A proposal to shrink part of 43rd Avenue from four to three lanes is garnering opposition from some businesses while other merchants are undecided about the plan initiated by the City of Vernon.

A proposal to shrink part of 43rd Avenue from four to three lanes is garnering opposition from some businesses while other merchants are undecided about the plan initiated by the City of Vernon.

Road diet plan gets a rough ride

Some businesses don’t have the appetite for putting a Vernon road on a diet.

Some businesses don’t have the appetite for putting a Vernon road on a diet.

The city wants to reduce 43rd Avenue, from 32nd to 27th streets, from four to three lanes to improve safety and promote bicycle use. But some merchants say the project will be a dead-end for profits.

“All they (city) are doing is telling us how their arrangement will be. It will just be a giant pain for us,” said Gary Krieger, Tireland owner.

As part of the proposal, the three lanes would include one each way for traffic and a centre two-way, left-turn lane. The space gained by eliminating the fourth lane would be for cyclists.

Krieger is concerned delivery trucks won’t have sufficient room to turn off 43rd Avenue and residents will avoid the area if fewer lanes lead to congestion.
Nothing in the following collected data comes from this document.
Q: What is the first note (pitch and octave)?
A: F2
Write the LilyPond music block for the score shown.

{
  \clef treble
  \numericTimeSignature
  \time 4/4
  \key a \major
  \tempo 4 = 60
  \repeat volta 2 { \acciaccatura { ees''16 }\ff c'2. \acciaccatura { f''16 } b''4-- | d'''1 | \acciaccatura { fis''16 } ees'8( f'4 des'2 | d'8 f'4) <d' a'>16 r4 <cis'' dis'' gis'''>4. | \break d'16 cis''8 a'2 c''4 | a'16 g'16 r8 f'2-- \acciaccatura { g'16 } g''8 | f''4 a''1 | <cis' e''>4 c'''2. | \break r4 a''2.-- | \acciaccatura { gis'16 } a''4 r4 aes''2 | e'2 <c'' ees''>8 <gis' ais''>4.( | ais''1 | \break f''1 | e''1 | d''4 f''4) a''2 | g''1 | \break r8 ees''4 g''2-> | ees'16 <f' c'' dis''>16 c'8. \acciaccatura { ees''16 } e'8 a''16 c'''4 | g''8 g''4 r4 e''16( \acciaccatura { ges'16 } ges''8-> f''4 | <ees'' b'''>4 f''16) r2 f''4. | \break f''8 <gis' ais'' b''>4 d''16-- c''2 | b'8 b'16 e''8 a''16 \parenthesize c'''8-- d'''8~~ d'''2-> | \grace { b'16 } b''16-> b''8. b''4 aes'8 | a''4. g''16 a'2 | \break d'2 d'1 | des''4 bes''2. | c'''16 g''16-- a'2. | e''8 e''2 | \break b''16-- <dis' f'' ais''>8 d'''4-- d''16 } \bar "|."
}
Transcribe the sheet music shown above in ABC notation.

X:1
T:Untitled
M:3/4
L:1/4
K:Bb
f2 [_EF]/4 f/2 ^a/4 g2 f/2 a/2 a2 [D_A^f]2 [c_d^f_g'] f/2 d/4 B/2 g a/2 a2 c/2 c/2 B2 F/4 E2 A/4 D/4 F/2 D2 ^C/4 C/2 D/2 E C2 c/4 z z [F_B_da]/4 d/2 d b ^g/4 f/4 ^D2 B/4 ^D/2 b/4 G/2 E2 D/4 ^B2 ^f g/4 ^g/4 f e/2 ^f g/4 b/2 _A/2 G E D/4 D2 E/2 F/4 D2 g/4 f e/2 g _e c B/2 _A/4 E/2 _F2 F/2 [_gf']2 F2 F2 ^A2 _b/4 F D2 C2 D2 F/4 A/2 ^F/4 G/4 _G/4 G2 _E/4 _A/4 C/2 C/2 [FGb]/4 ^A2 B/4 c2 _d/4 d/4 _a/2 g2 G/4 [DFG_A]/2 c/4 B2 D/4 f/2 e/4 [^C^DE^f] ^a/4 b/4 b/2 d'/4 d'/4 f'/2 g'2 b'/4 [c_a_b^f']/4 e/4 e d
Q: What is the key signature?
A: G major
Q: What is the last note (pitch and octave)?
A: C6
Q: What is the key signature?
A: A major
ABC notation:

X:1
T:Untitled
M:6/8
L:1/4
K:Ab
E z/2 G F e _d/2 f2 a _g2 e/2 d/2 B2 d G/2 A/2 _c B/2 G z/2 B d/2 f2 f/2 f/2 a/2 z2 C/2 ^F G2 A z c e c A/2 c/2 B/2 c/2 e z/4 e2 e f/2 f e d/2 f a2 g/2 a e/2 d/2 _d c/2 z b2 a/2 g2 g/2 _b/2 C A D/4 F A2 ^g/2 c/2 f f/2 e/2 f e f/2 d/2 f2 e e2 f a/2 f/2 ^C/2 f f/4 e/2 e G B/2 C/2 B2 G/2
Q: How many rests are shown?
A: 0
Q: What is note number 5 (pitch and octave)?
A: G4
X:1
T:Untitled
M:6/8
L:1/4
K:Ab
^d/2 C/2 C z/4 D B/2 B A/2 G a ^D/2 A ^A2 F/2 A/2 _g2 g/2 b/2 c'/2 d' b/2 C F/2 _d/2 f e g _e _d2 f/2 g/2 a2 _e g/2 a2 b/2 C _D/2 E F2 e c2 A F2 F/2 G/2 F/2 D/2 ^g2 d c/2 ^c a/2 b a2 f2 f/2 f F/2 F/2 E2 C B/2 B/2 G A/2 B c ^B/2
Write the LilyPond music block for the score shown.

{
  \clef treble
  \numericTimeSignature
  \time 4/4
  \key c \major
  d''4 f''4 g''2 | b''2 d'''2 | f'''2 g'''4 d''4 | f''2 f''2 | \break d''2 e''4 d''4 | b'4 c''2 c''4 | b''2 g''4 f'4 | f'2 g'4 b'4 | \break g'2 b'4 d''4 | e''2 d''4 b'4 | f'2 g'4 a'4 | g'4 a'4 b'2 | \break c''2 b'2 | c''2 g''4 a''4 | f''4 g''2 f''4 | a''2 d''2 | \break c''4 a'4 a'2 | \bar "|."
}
“A lot of people drive by and see a tire shop and stop. I spent a lot of money last year making my business more visible,” he said.

City figures indicate that 14,000 vehicles a day use 43rd Avenue and that could climb to 18,000 a day by 2031.

Harald Kober, Roko Service owner, says current city zoning allows for industrial activities along this section of 43rd Avenue.

“There is no destination here (for cyclists). Are you going to put your kid on a bike on 43rd Avenue?” he said.

Kober says there are 100 jobs in the area related to the automobile sector and light industry.

“Look after something for us,” he said of business retention.

Kober points to adjacent 29th Street, which has been narrowed with sidewalks and bike paths.

“You can’t take trucks down this road to supply the businesses,” he said.

While some businesses are opposed to a new traffic model, others remain undecided.

“If they tear up the road and do like 29th Street, it could interfere with business. If there’s just turning lanes, it may not interfere much,” said Dale Wicks, with the Sunshine Corner Cafe.

Travis Wise, with Wise Guys Car Wash, has been looking at similar projects in other communities.

“The road diet could help business and revitalize the commercial strip,” he said.

“Sometimes it increases traffic flow and makes it easier to turn on and off a street.”

City council has yet to make a decision on the staff recommendation for 43rd Avenue changes.

“If the businesses don’t want it and they’re not comfortable with it, chances are we’ll leave it alone,” said Mayor Wayne Lippert.

“But people need to do more research, including myself.”

The future of the project is tied to the city possibly receiving a $868,000 government grant.

“We’re not likely to hear this year that we can do it. It’s likely to be next year before we can implement it,” said Amanda Watson, a transportation technician.

Staff recently met with businesses and residents as part of a consultation process.

“We will report the comments back to council,” said Watson.

“We don’t want to promote anything detrimental to business.”

Watson says the road diet concept arose because of reported accidents and requests to connect bike lanes east and west of 43rd Avenue.

“They have been successful in reducing accidents while maintaining capacity for vehicles in other communities,” said Watson, adding that there shouldn’t be any negative impact on businesses.

“They don’t prevent access for large trucks because there is the larger centre turn lane (providing space to navigate).”